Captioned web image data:
##########

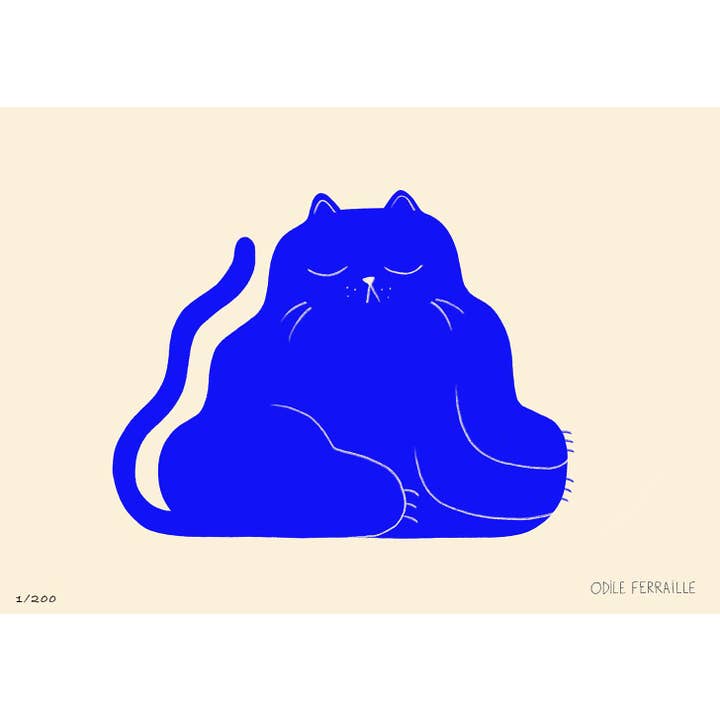 Sergeant Paper - Wholesale Art Print - Odile Ferraille - BLUE CAT - Cat Art Print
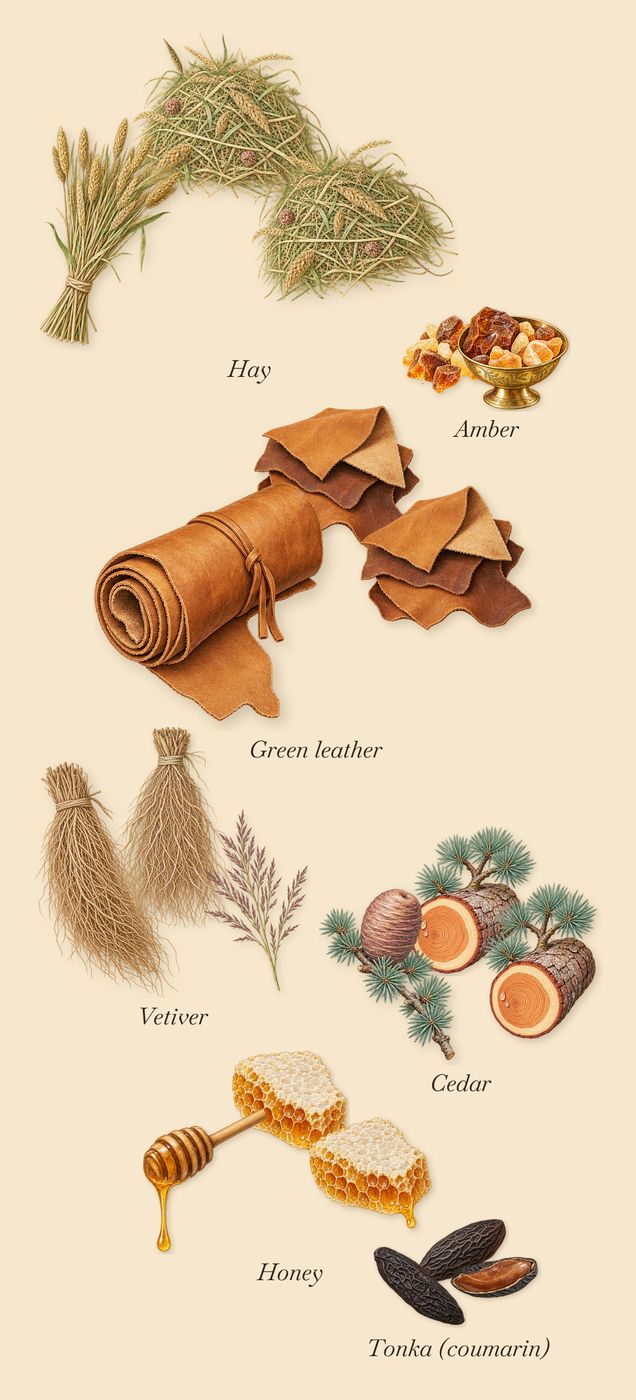 Irish Leather, what stays: Green leather, Cedar, Vetiver, Amber, Honey, Hay, Tonka (coumarin)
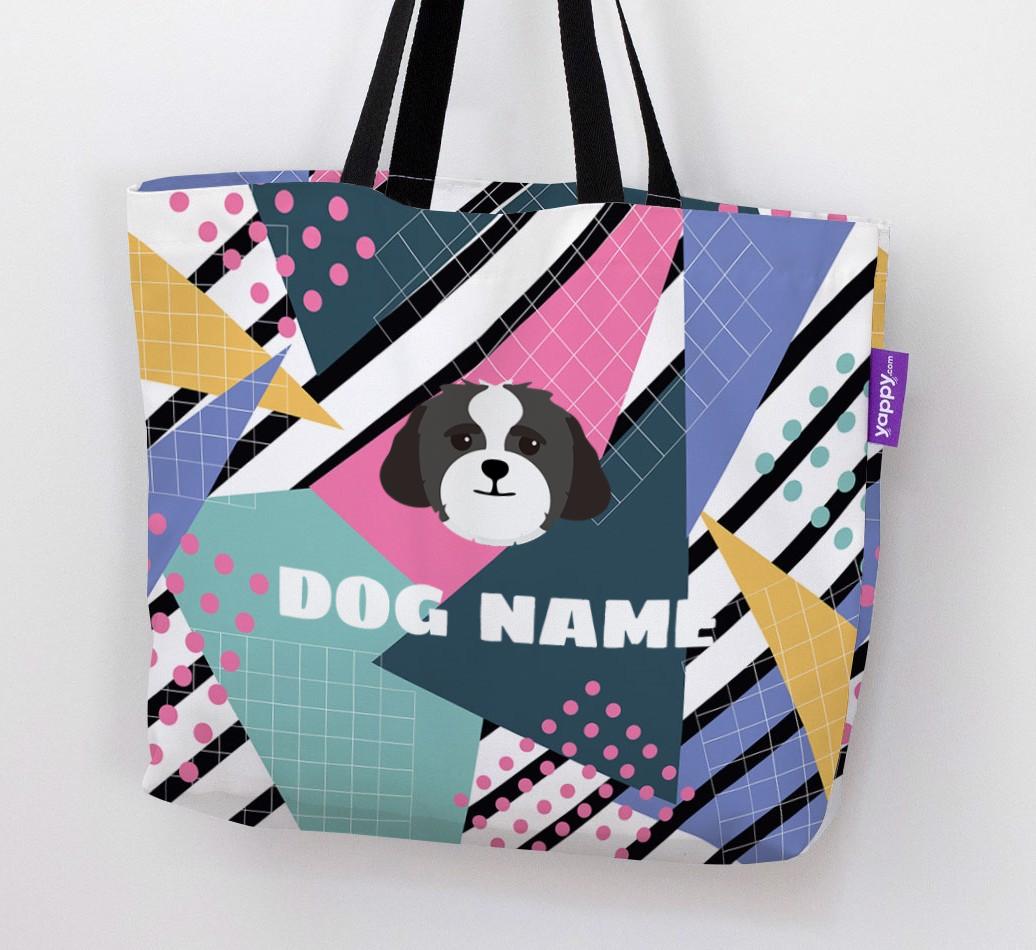 Retro Pattern: Personalized {breedFullName} Canvas Bag
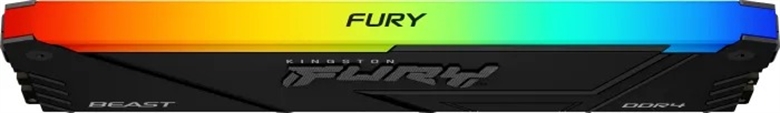 Memoria Ram DIMM Kingston Fury Beast RGB - Capacidad de 16GB DDR4 DIMM, PC4-25600 (3200Mhz), No ECC, CL16, 1.35V, 288 pines, color negro. KF432C16BB2A/16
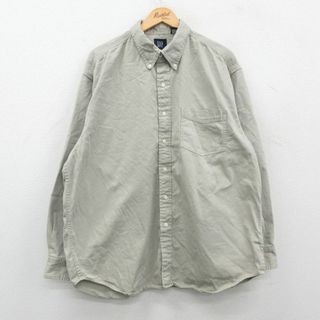 ギャップ(GAP)のXL★古着 ギャップ GAP 長袖 ブランド シャツ メンズ 00年代 00s 大きいサイズ コットン ボタンダウン グレー系 24feb05 中古 トップス(シャツ)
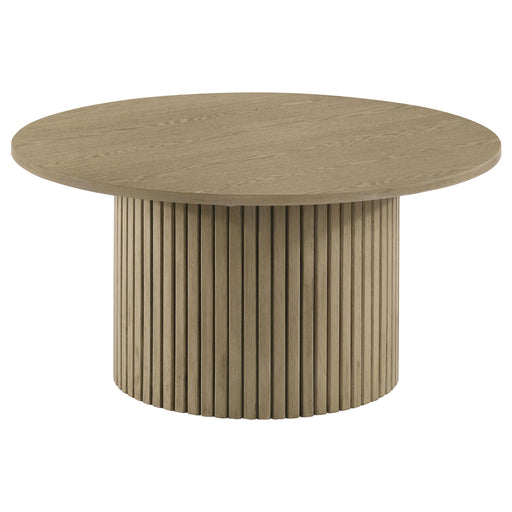 Hamlyn Round Fluted Occasional Cocktail Coffee Table Natural Oak - 706498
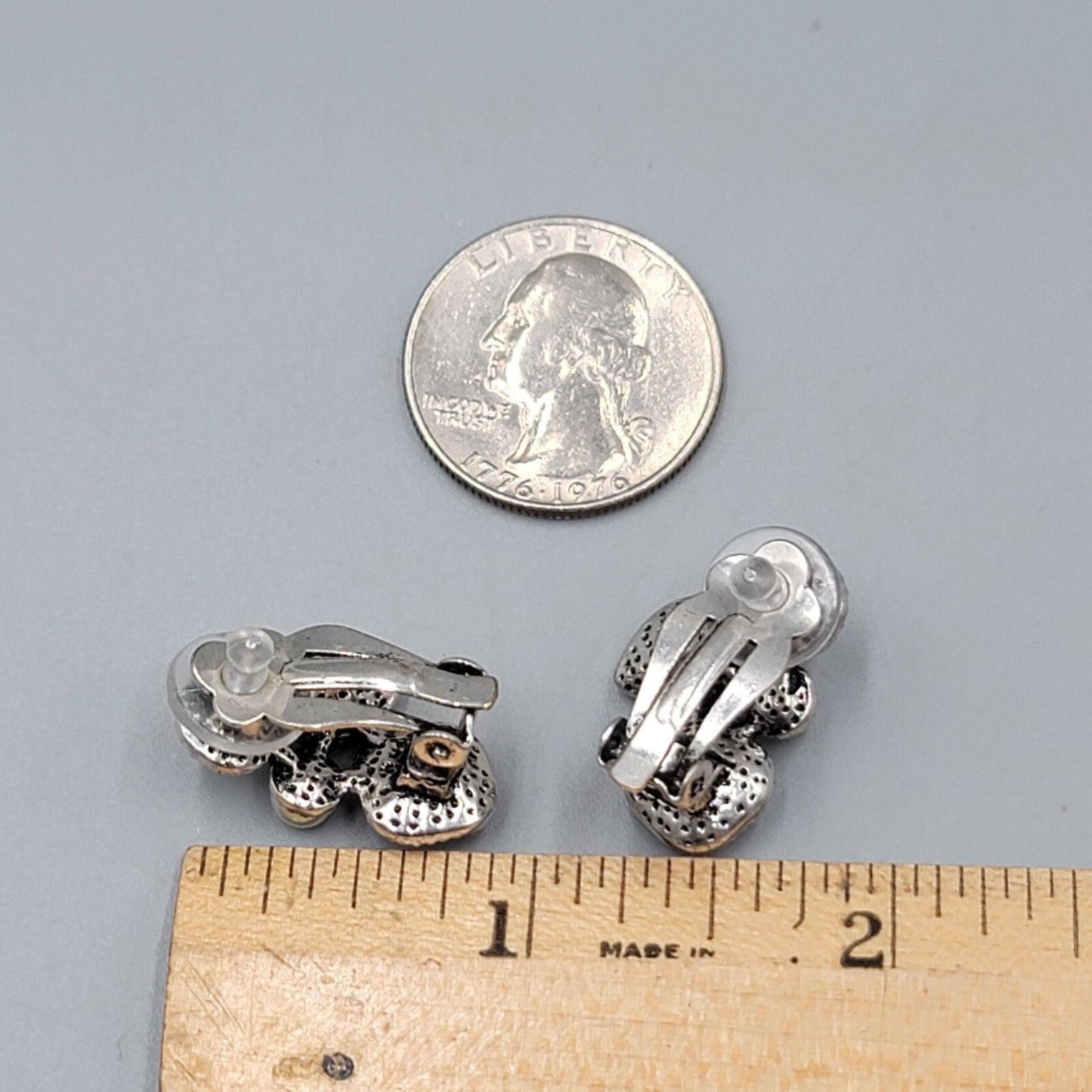 Modern  Clip on Earrings Gray Clear Crystal Dark Silver tone Drop 7/8"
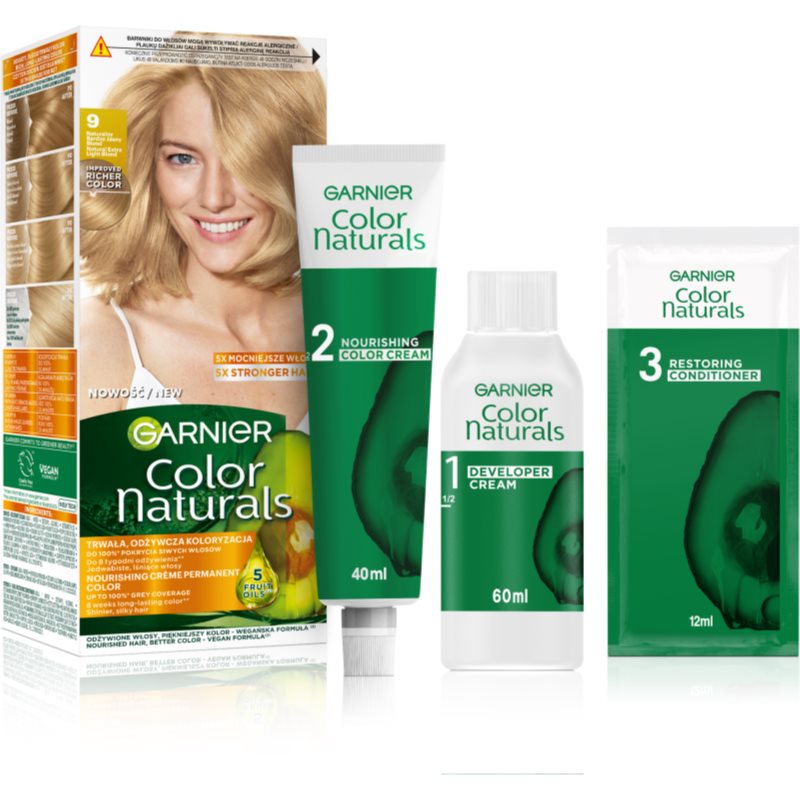 Garnier Color Naturals Creme Hårfärg Skugga 9 Naturalny Bardzo Jasny Blond 1 st. female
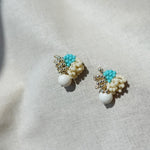 Camellia Cream Drop Earrings in Turquoise Left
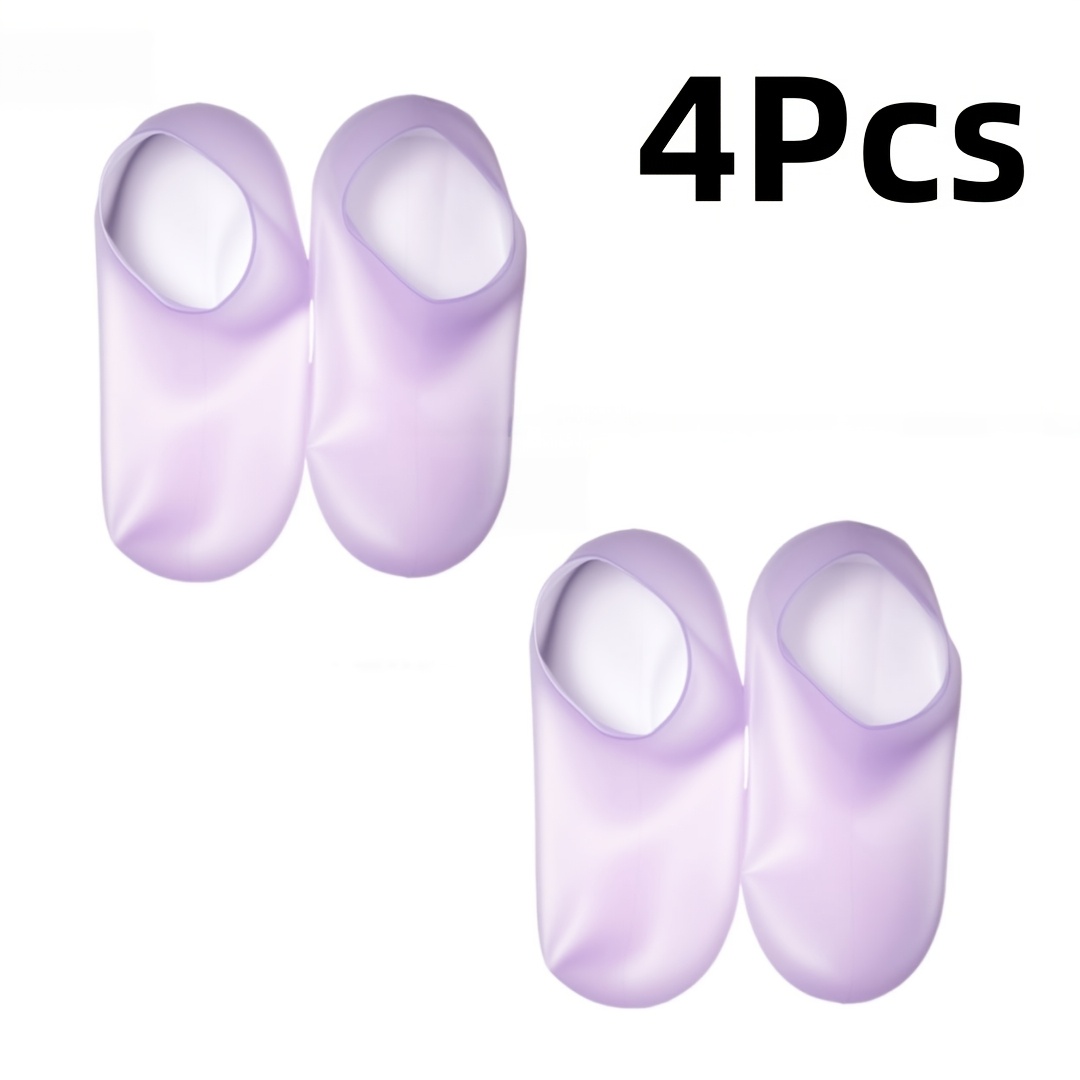 TEMU 4 pezzi Calzini idratanti in silicone da donna, Calzini spa anti-crepe in gel all'aloe vera per , Maschera per piedi idratante e per riparare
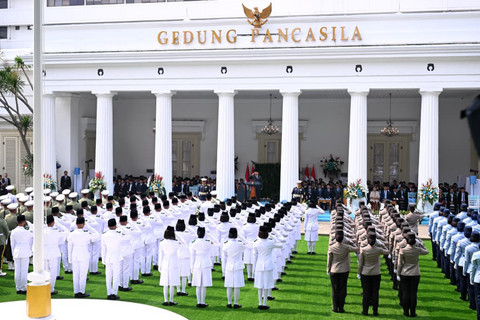 Presiden Republik Indonesia Prabowo Subianto memimpin upacara peringatan hari lahir Pancasila di Gedung Pancasila, Kementerian Luar Negeri, Jakarta, Senin (1/6/2026). Foto: Kris /Biro Pers Sekretariat Presiden
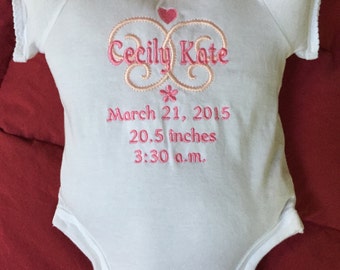 Custom Embroidered Onesie Pillow Birth Announcement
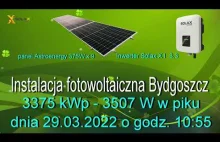 Fotowoltaika 3375 kWp - w piku 3507 W - Bydgoszcz, Kapuściska.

##########

## Task requirements
For this exercise, reproduce exactly the lines of the records above from the one with "ギャップ(GAP)のXL★古着 ギャップ GAP" up to and including the one with "Custom Embroidered Onesie", without pictures.

## Output of the exercise
 ギャップ(GAP)のXL★古着 ギャップ GAP 長袖 ブランド シャツ メンズ 00年代 00s 大きいサイズ コットン ボタンダウン グレー系 24feb05 中古 トップス(シャツ)
 Hamlyn Round Fluted Occasional Cocktail Coffee Table Natural Oak - 706498
 Modern  Clip on Earrings Gray Clear Crystal Dark Silver tone Drop 7/8"
 Garnier Color Naturals Creme Hårfärg Skugga 9 Naturalny Bardzo Jasny Blond 1 st. female
 Camellia Cream Drop Earrings in Turquoise Left
 TEMU 4 pezzi Calzini idratanti in silicone da donna, Calzini spa anti-crepe in gel all'aloe vera per , Maschera per piedi idratante e per riparare
 Presiden Republik Indonesia Prabowo Subianto memimpin upacara peringatan hari lahir Pancasila di Gedung Pancasila, Kementerian Luar Negeri, Jakarta, Senin (1/6/2026). Foto: Kris /Biro Pers Sekretariat Presiden
 Custom Embroidered Onesie Pillow Birth Announcement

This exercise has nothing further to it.